Non-establishment of the Public Procurement Commission
This Column has written ad nauseam about the failure of the previous Administration to activate the Public Procurement Commission because of its reluctance to relinquish the role of the Cabinet of ratifying all contracts in excess of $15 million. It will be recalled that in 2001, the Constitution was amended to provide for the establishment of the Commission “to monitor public procurement and the procedures therefor to ensure that the procurement of goods, services and execution of works are conducted in a fair, equitable and transparent manner…” The Commission is to consist of five members with expertise in procurement, legal, financial and administrative matters. They are required to be independent, impartial and shall discharge the Commission’s functions fairly.
We started the year with the continuation of the stalemate between the Government and the Opposition, with civil society continuing to add its voice of condemnation. The PAC has since initiated a process whereby the public is invited to make nominations by 23 December 2015. It will soon begin reviewing the list of nominations with a view to coming up with a shortlist of candidates for interview and selection.

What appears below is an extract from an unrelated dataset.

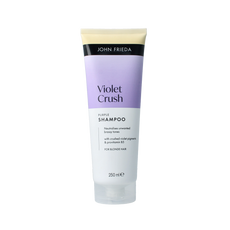 John Frieda Violet crush daily purple shampoo 250.00 Milliliter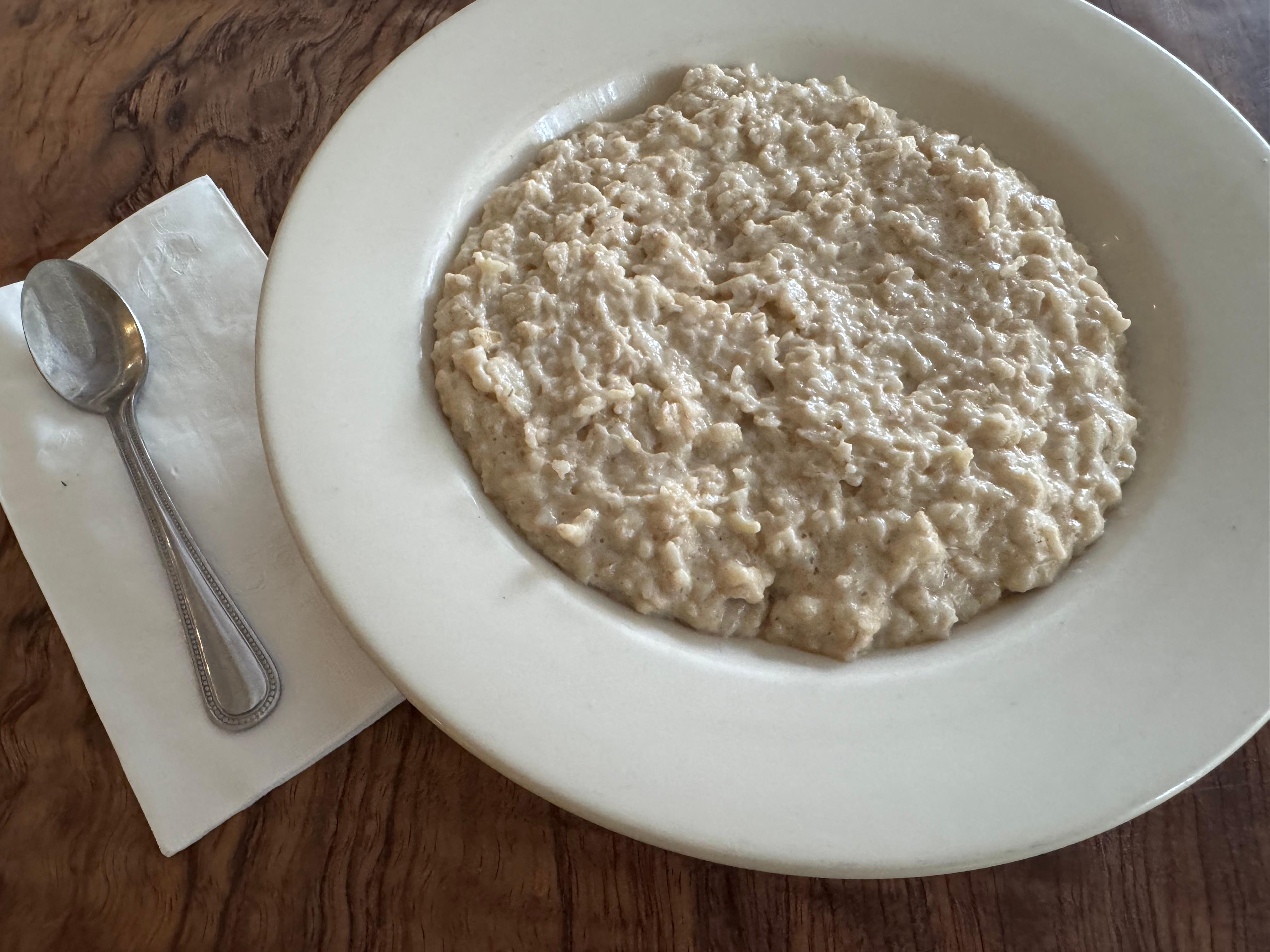 Bob's Red Mill Slow-Cooked Oatmeal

The names of the five selected candidates will then have to be ratified by two-thirds of the elected members of the Assembly, after which the President will make the appointment. Hopefully, we would be able to have the Commission in place by February 2016.
Delay in the laying of the 2013 Auditor General’s report in the Assembly
Although the Auditor General had submitted his 2013 report on the public accounts to the Speaker within the statutory deadline of 30 September 2014, the report could not have been laid in the Assembly because of the prorogation of Parliament. This, coupled with the fact that there was no functioning Parliament in place, might have led the European Union (EU) to suspend its long-standing budgetary support to the Government.
With the convening of the Assembly under the new Parliament, the Auditor General’s report was laid in the Assembly in July 2015. The report for 2014 was also laid in the Assembly in October 2015. It will also be recalled that there was no budget in place for 2015 when Parliament was dissolved. That budget was presented in the Assembly in August 2015 and enjoyed relatively smooth passage. With normalcy restored in terms of a functioning Parliament, a budget in place and the reports of the Auditor General laid in the Assembly, the EU was eager to resume its budget support to the Government. Accordingly, it engaged the services of this Columnist to: (a) carry out a review of the Public Financial Management Action Plan agreed upon by the previous Administration and the EU; and (b) develop and review a Budget Transparency Action Plan. Both exercises have since been completed and the related report issued to the EU. These two plans can be accessed through the Government’s websites.